Importance: Interest in administering psychedelic agents as mental health treatment is growing rapidly. As drugmakers invest in developing psychedelic medicines for several psychiatric indications, lawmakers are enacting legal reforms to speed access globally, and health agencies are preparing to approve these treatments. Meanwhile, US states, such as Oregon and Colorado, are making psychedelics available for supervised use outside the conventional health care system.
Observations: Despite legal change and potentially imminent regulatory approval in some countries, standards for integrating psychedelics into health care have lagged, including norms for designing and implementing informed consent processes. Informed consent is complicated by the unique features of psychedelics and their means of administration. Because no governments have approved any classic psychedelics for general medical or psychiatric use, only clinical researchers have obtained informed consent from trial participants. Accordingly, there is an unmet need for informed consent processes tailored to the challenges of administering psychedelics in nonresearch settings.
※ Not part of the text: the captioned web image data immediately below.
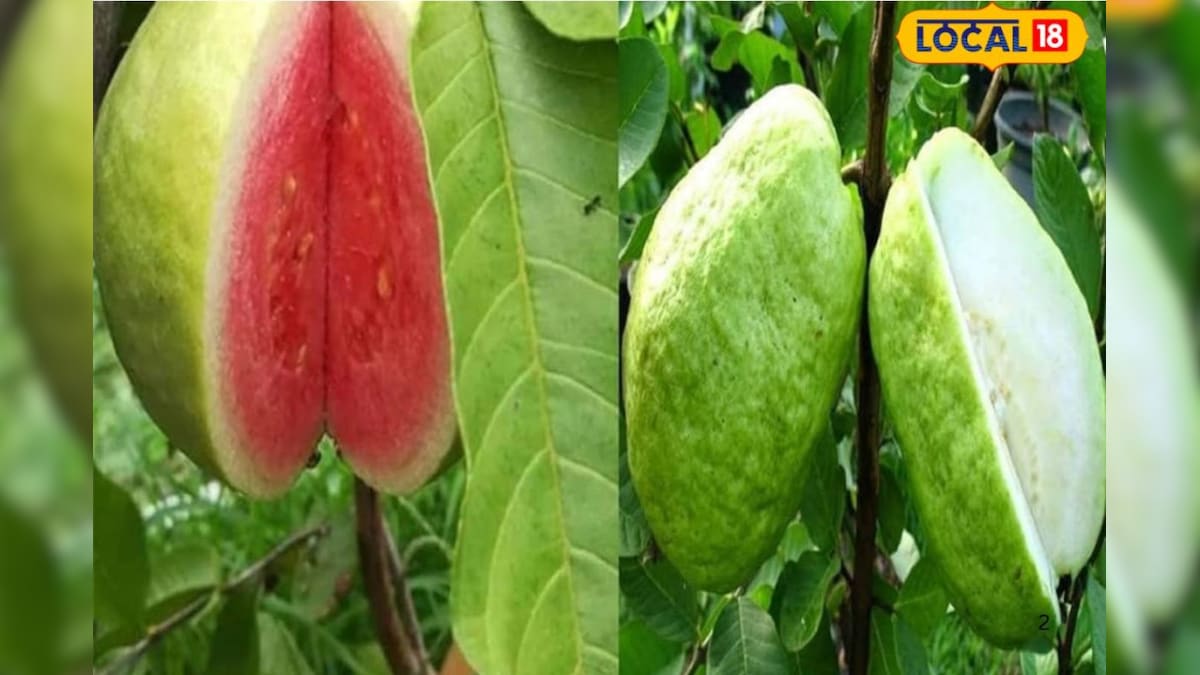 ताइवान पिंक और VNR किस्म के अमरूद की करें खेती, कम लागत में होगा लाखों का मुनाफा, जानें खासियत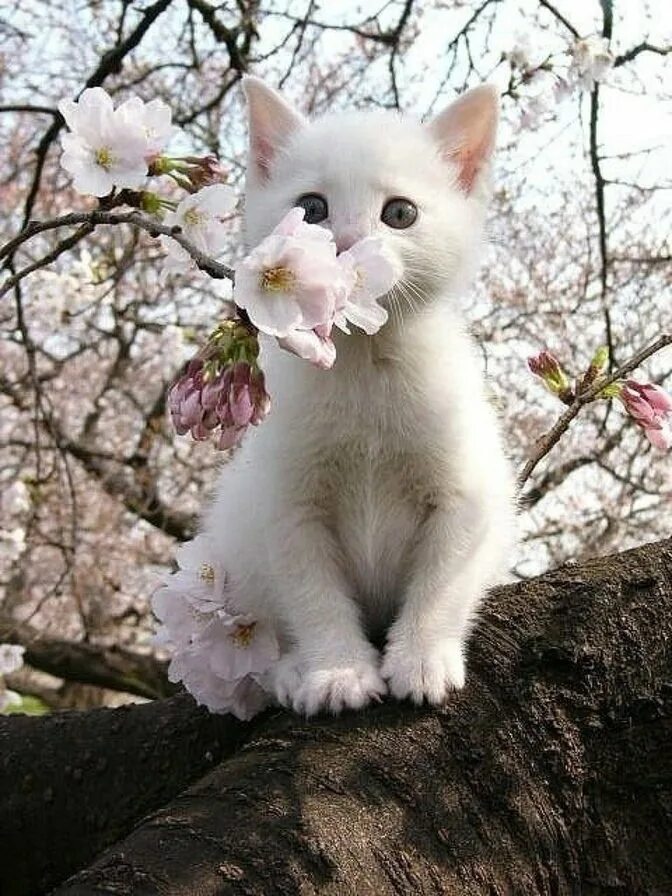 Доброе утро апрель кот. Котик с цветочком.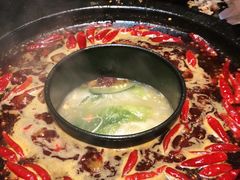 -渝大狮毛肚老火锅(普陀店)
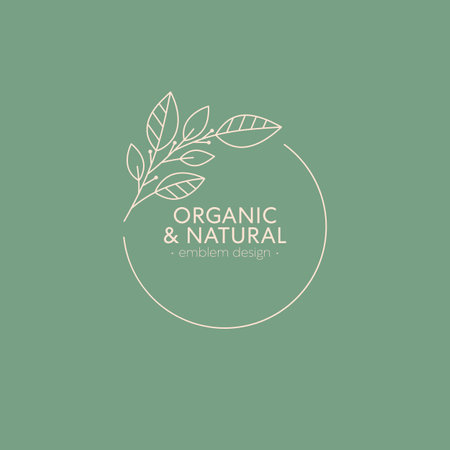 Vector floral organic emblem.Natural logo design with linear branch and frame.Modern eco or bio badge in trendy minimalist style.Branding design template.のイラスト素材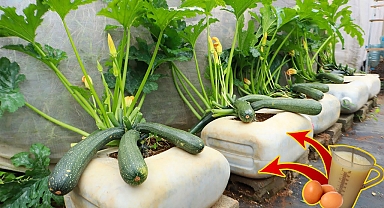 The secret to growing squash in a plastic can with milk and eggs - Many fruits - big - long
Conclusions and relevance: Analysis of the challenges of designing and implementing psychedelic informed consent practices revealed 7 essential components, including the possibility of short- and long-term perceptual disturbances, potential personality changes and altered metaphysical beliefs, the limited role of reassuring physical touch, the potential for patient abuse or coercion, the role and risks of data collection, relevant practitioner disclosures, and interactive patient education and comprehension assessment. Because publicly available informed consent documents for psychedelic clinical trials often overlook or underemphasize these essential elements, sample language and procedures to fill the gap are proposed.